Transcribe exactly, and only, the lines from the one containing "IMG_9081 Breitling Colt" through the end of the entries below, leaving the pictures out.

__Records for the exercise__:
┌────────
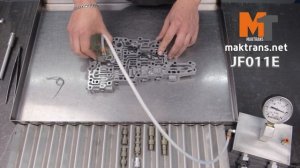 Ремонт гидроблока JF011E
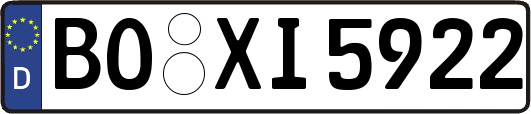 BO-XI5922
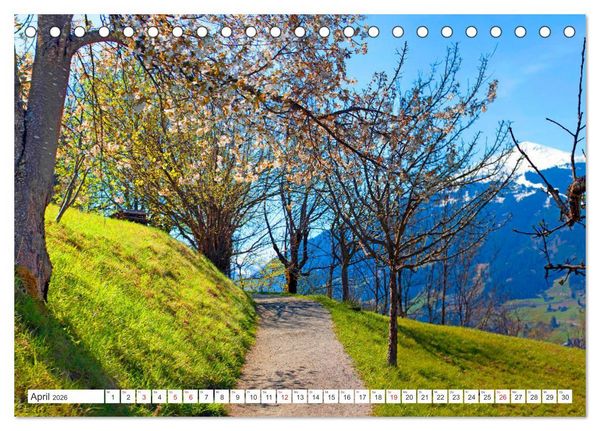 Produktbild: Gr&uuml;&szlig;e aus Bad Hofgastein (Tischkalender 2026 DIN A5 quer), CALVENDO Monatskalender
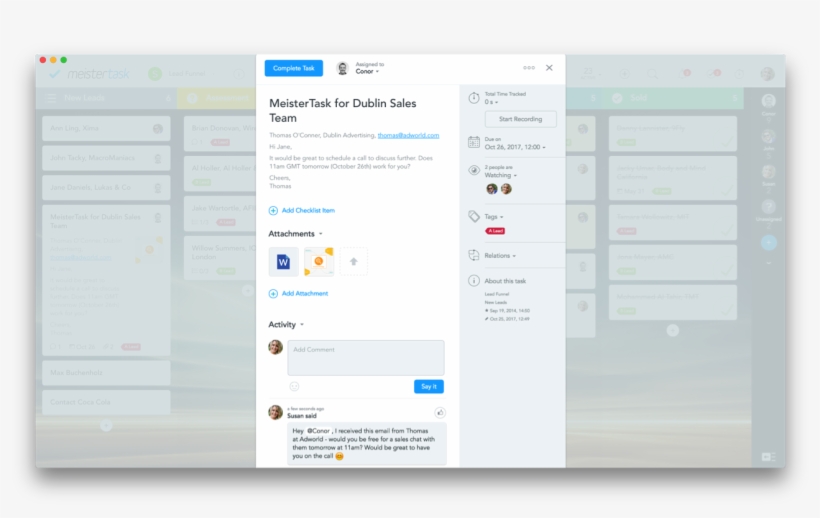 Team Productivity Zapier For Teams Meistertask Email, transparent png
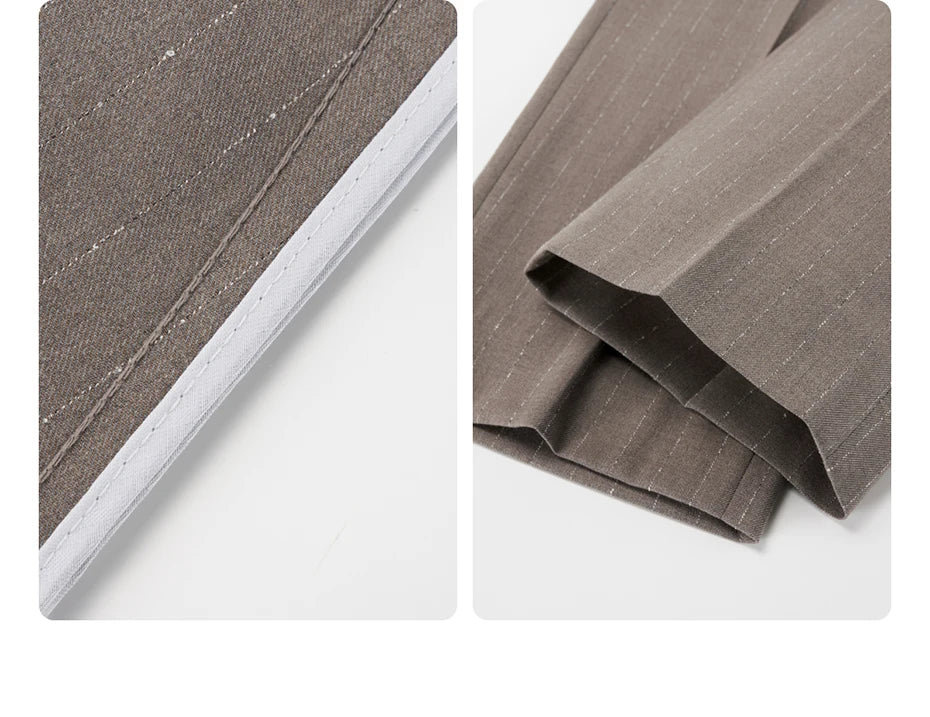 Eleganter Herrenanzug – Slim Fit Anzug mit Hose für Hochzeiten und festliche Anlässe, 2-teiliges Set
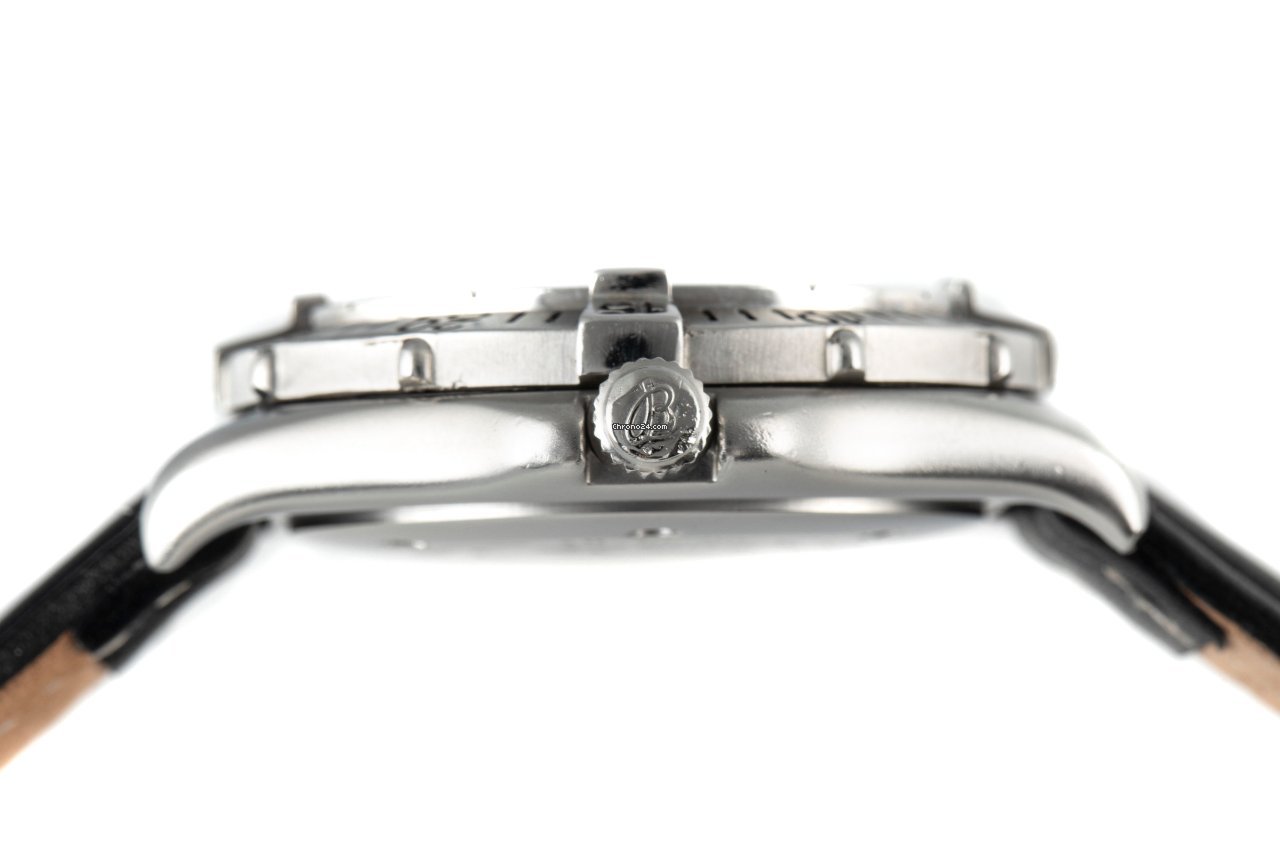 IMG_9081 Breitling Colt Quartz Mens watch Unisex Quartz Steel A57035 Replica 6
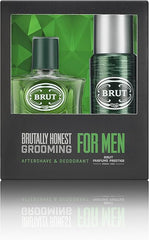 BRUT Deodorant 200ml & Original Aftershave 100ml Gift Set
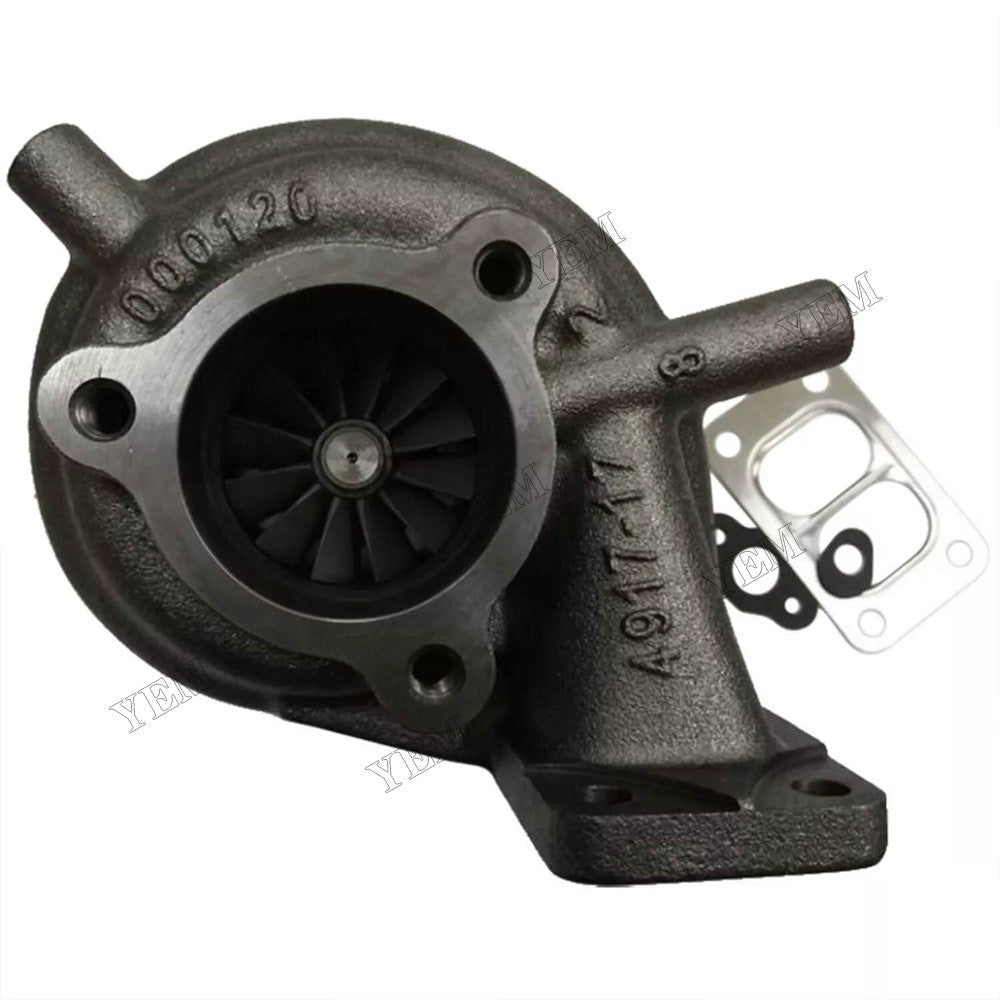 For Caterpillar CAT Excavator 323D 320D 320C Engine C6.4 3066 Turbo TD06H Turbocharger 5I-7589 For Caterpillar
└────────
__Written response__:
 IMG_9081 Breitling Colt Quartz Mens watch Unisex Quartz Steel A57035 Replica 6
 BRUT Deodorant 200ml & Original Aftershave 100ml Gift Set
 For Caterpillar CAT Excavator 323D 320D 320C Engine C6.4 3066 Turbo TD06H Turbocharger 5I-7589 For Caterpillar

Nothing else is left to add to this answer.